Он и верил, подъезжая на другой день поздним вечером к Сергиевской, что "все прежнее сдано в архив", что «очистка» прошлого уже кончилась. Ни разу не приметил он какой-нибудь подкладки под ее живыми и правдивыми речами, от которой ему сделалось бы жутко. А что в нем самом назрело за эти десять дней, он лишней минуты не имел, чтобы заглянуть туда, разобрать это… да и не хотелось ему ничего разбирать. Он продолжал только связывать с своим новым «устройством» то «нечто», которое начнется после "сдачи старого в архив". . . . . . . . . . . . . . . . . . . . . . . . . . . . . . . . . . .
— Юлия Федоровна просила вас подождать, — доложила горничная Луке Ивановичу, как своему человеку. — Они непременно будут к десяти часам.
— Хорошо, — спокойно отозвался он и, увидав, что на вешалке чернеет мужское пальто, спросил: — А у вас кто-нибудь есть?
— Есть-с, господин Пахоменко… вы изволите их знать… они тоже дожидаются…
Обо всем этом горничная докладывала, как о самой обыкновенной вещи в обиходе Юлии Федоровны.
— Барышни, — продолжала она, — тоже нет, они в театре.
— Елены Ильинишны? — пояснил Лука Иванович.
Он был так хорошо настроен, что и беседа с Еленой Ильинишной не смущала его. Она совсем стушевалась за эти десять дней, появлялась на три-четыре минуты, точно строго исполняя свой уговор.
Скульптора Пахоменка он, после первого знакомства с ним, видел мельком во время утреннего визита. Ему его ленивая фигура нравилась. Он не искал уединенного свидания в этот вечер. Пахоменка не счел он скучной помехой; а на то, что Юлия Федоровна просила посидеть и подождать ее после 10 часов, посмотрел как на самую простую вещь.

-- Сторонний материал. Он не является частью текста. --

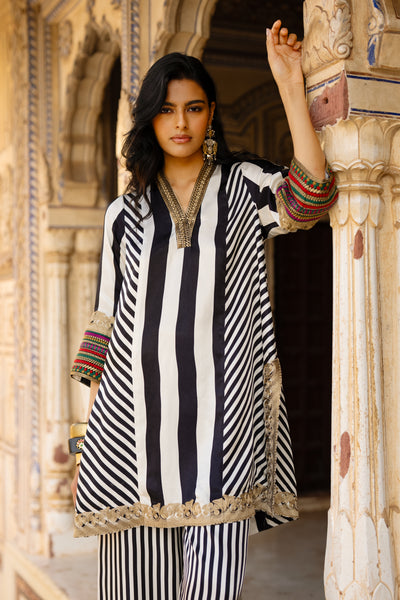 EMBROIDERED STRIPED TOP & PANT SET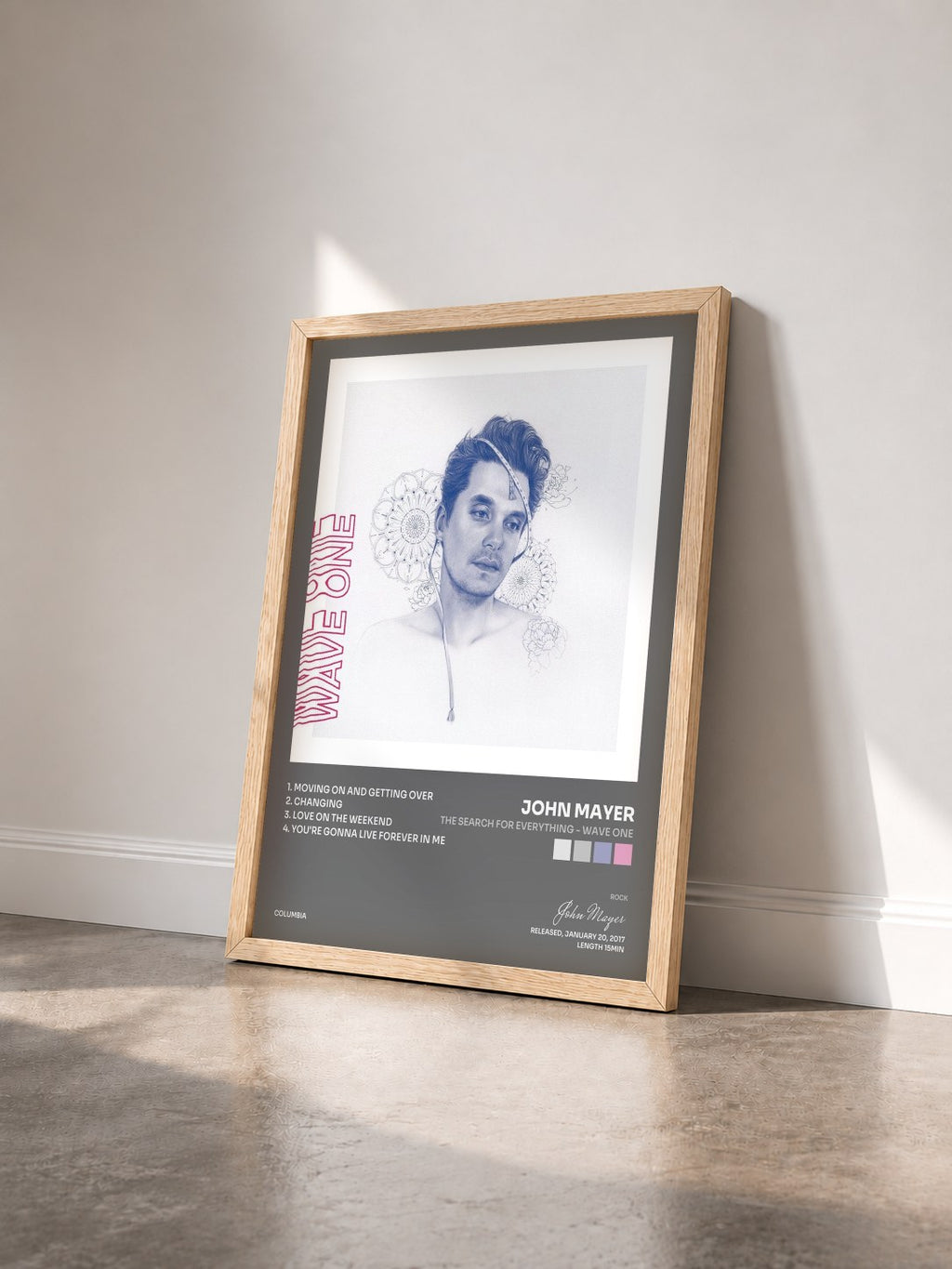 #bois Tableau de l'album The Search for Everything - Wave One de John Mayer vu de trois quarts, cadre en bois brut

"Отгуливает свою масляницу", — подумал он и с улыбкой вошел в салон.
В нем стоял полусвет от лампы с абажуром. В яркий круг, лежавший на столе, вошла голова гостя, упершего ее в ладонь правой руки; ногти левой он усиленно грыз и сосредоточенно смотрел на одно из окон, выходивших на улицу.
В глаза Луке Ивановичу бросилась особенная тревога этого молодого, природно-апатичного лица: так могли глядеть глаза только у человека, охваченного едким и сильным душевным движением.
Он так был поглощен, что не слыхал шагов Луки Ивановича. Тот должен был его окликнуть.
Художник вскинул голову, тотчас же встал и почти радостно протянул руку.